Hukum adalah “das Sein” (apa yang berlaku), bukan “das Sollen” (apa yang seharusnya). Dengan demikian, aturan hukum tetap disebut hukum walaupun secara moral dianggap tidak adil, selama prosedur pembentukannya sah dan diakui oleh negara.
Dalam praktik, positivisme hukum menekankan peraturan tertulis sebagai sumber hukum utama. Misalnya, di Indonesia, undang-undang, peraturan pemerintah, dan peraturan daerah menjadi landasan hukum yang mengikat masyarakat.
Positivisme menuntut kepastian hukum dan konsistensi penerapan norma, sehingga hukum menjadi instrumen yang efektif untuk mengatur tingkah laku masyarakat, mencegah kekacauan sosial, dan memastikan otoritas negara dijalankan secara formal.
Positivisme Hukum Menurut John Austin
John Austin adalah salah satu tokoh penting dalam positivisme hukum klasik. Ia menekankan bahwa hukum adalah perintah dari penguasa yang berdaulat dan diikuti oleh rakyat karena adanya kewajiban dan sanksi. Austin mendefinisikan hukum melalui empat unsur utama: perintah (command), kewajiban untuk menaati (duty), sanksi (sanction), dan kedaulatan (sovereignty).
Austin memandang hukum sebagai sistem yang tertutup, logis, dan formal, di mana legitimasi hukum bergantung pada kekuasaan penguasa, bukan pada pertimbangan moral. Hukum menjadi instrumen untuk memaksakan kepatuhan masyarakat, sehingga keberlakuannya lebih bersifat praktis dan formal.
Di Indonesia, konsep Austin dapat dilihat pada undang-undang yang diterapkan secara ketat oleh pemerintah, misalnya peraturan pidana dan administratif. Meskipun demikian, pendekatan ini memiliki kelemahan jika diterapkan tanpa mempertimbangkan keadilan sosial dan nilai kemanusiaan, karena hukum yang sah secara formal belum tentu diterima secara moral oleh masyarakat.

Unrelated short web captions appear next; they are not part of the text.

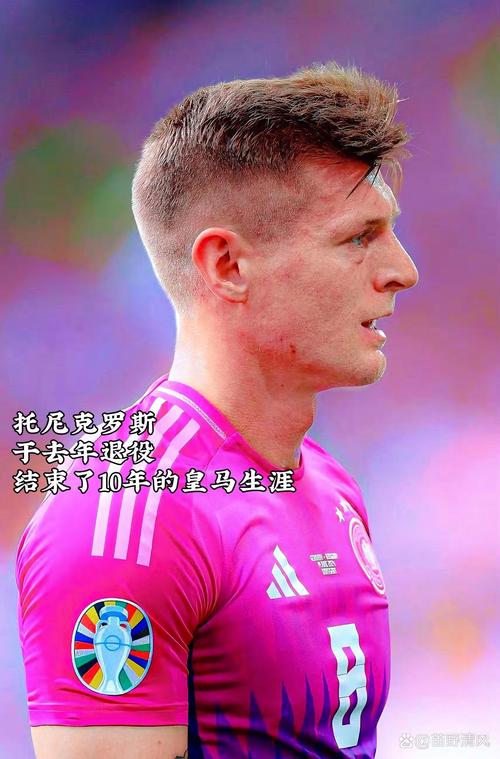 详细阅读:队报:拜仁旧将萨尔本周二将回梅斯训练,若身体允许有望签约梅斯 队报:拜仁旧将萨尔本周二将回梅斯训练,若身体允许有望签约梅斯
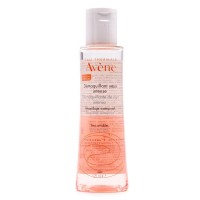 AVENE DESMAQUILLANTE DE...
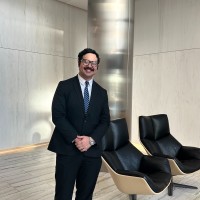 Nicholas Montelongo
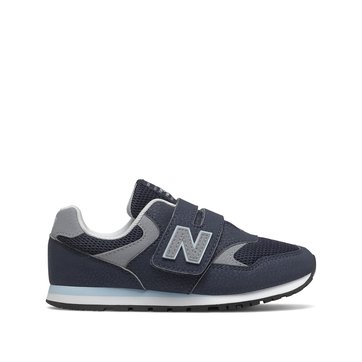 new balance femmes scratch new balance femmes scratch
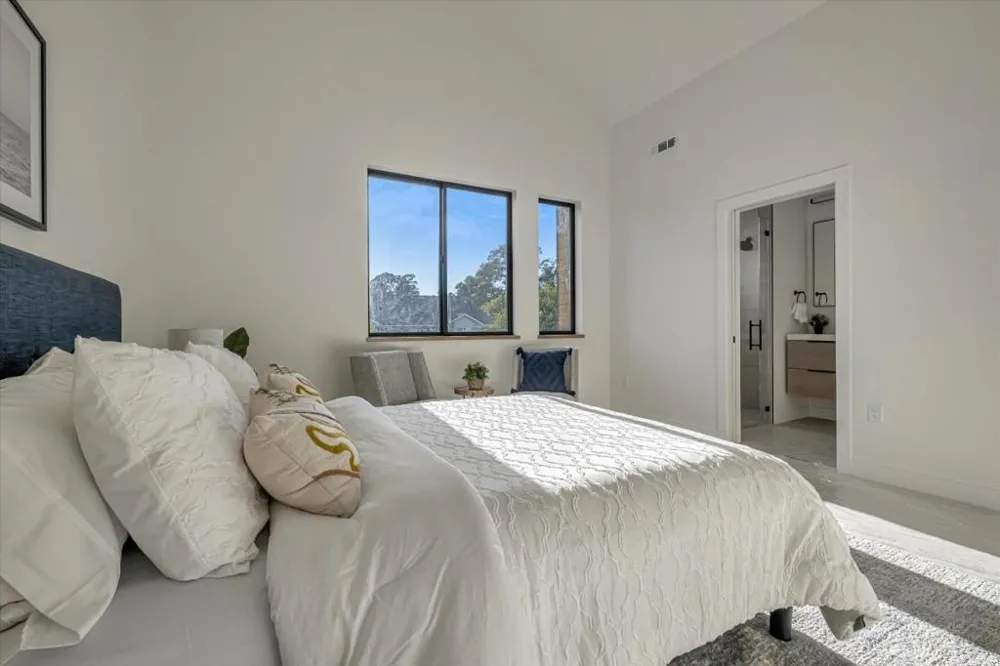 105 Darlington Soquel, CA 95073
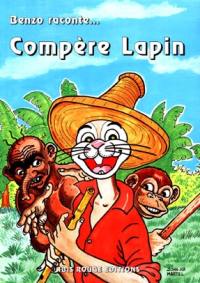 Compère lapin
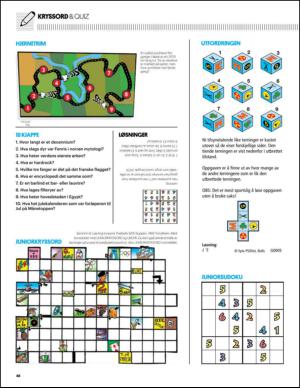bergenstidende_btmagasinet-20150822_000_00_00_048.pdf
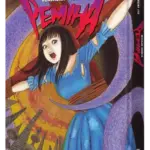 Пекельна планета Реміна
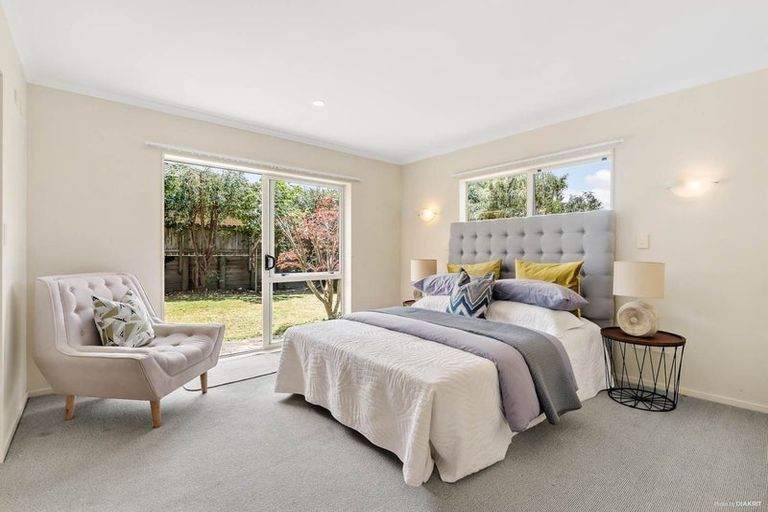 Photo of property in 6 Excelsa Place, Albany, Auckland, 0632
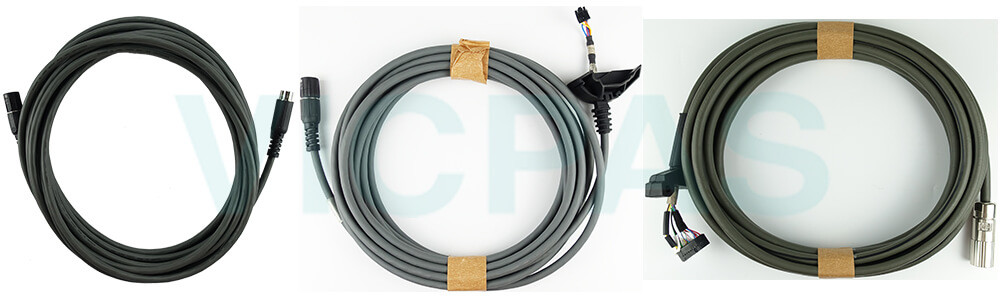 KRC2 00-132-342 Cable Replacement
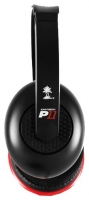 Turtle Beach Ear Force DP11 foto, Turtle Beach Ear Force DP11 fotos, Turtle Beach Ear Force DP11 Bilder, Turtle Beach Ear Force DP11 Bild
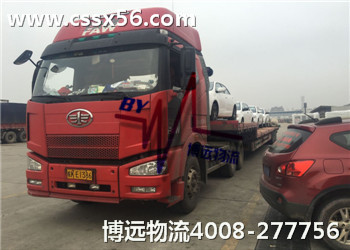 ���h(yu��n)�������I(y��)��܇����Ʒ܇�\(y��n)ݔ����(w��)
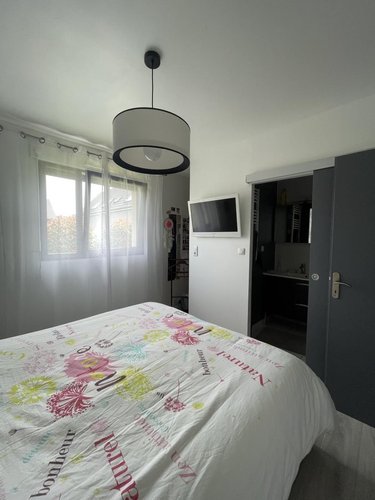 Maison a vendre Thézy-Glimont 80440 Somme 125 m2 5 pièces 357000 euros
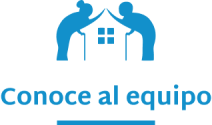 Nosotros9
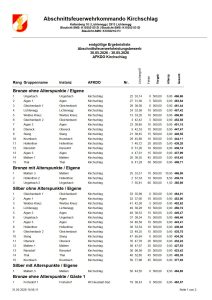 AFLB_26 - 13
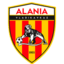 FC Alania Vladikavkaz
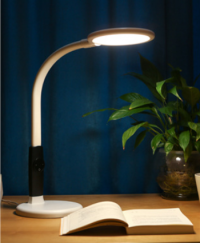 12481 Светильник настольный LED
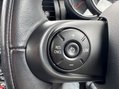 Mini Hatch 1.5 Cooper Euro 6 (s/s) 3dr 24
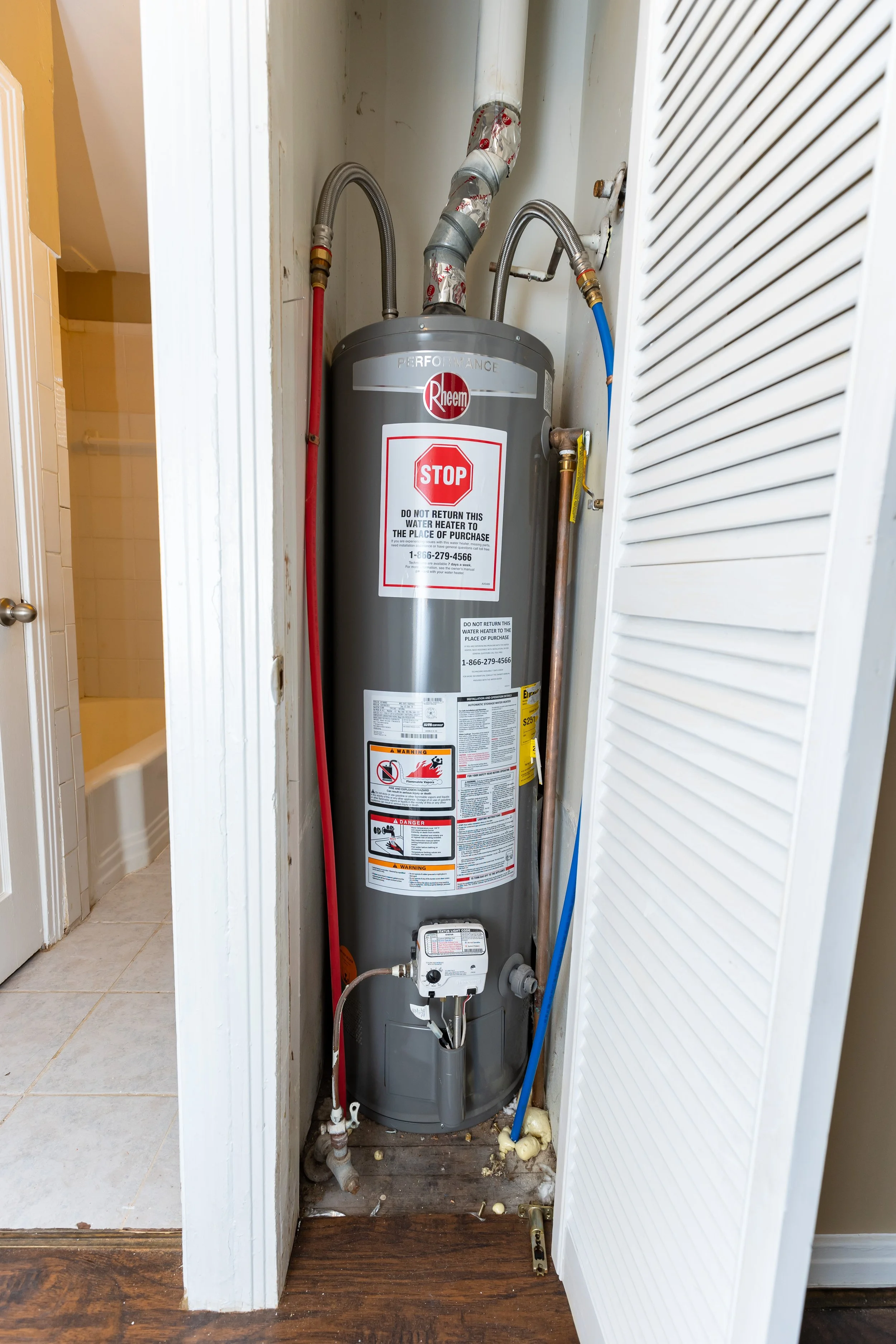 57 18th Avenue S Birmingham (after) 37.jpg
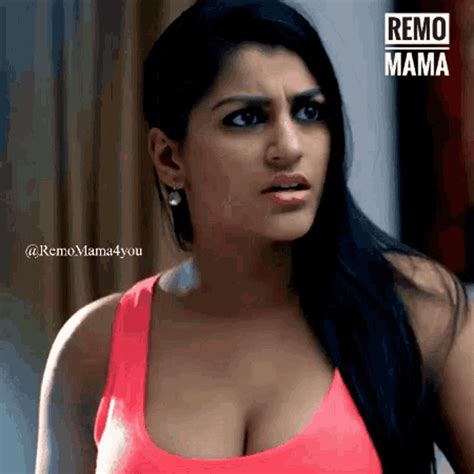 Yashika Anand Tamil Actress  Yashika Anand Tamil Actress Navel Discover And Share S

Positivisme Hukum Menurut Hans Kelsen
Hans Kelsen mengembangkan positivisme hukum melalui Teori Hukum Murni (Reine Rechtlehre). Menurut Kelsen, hukum adalah tatanan norma yang memaksa dan mengatur perilaku manusia, yang harus dipisahkan dari unsur non-yuridis seperti politik, moral, dan budaya.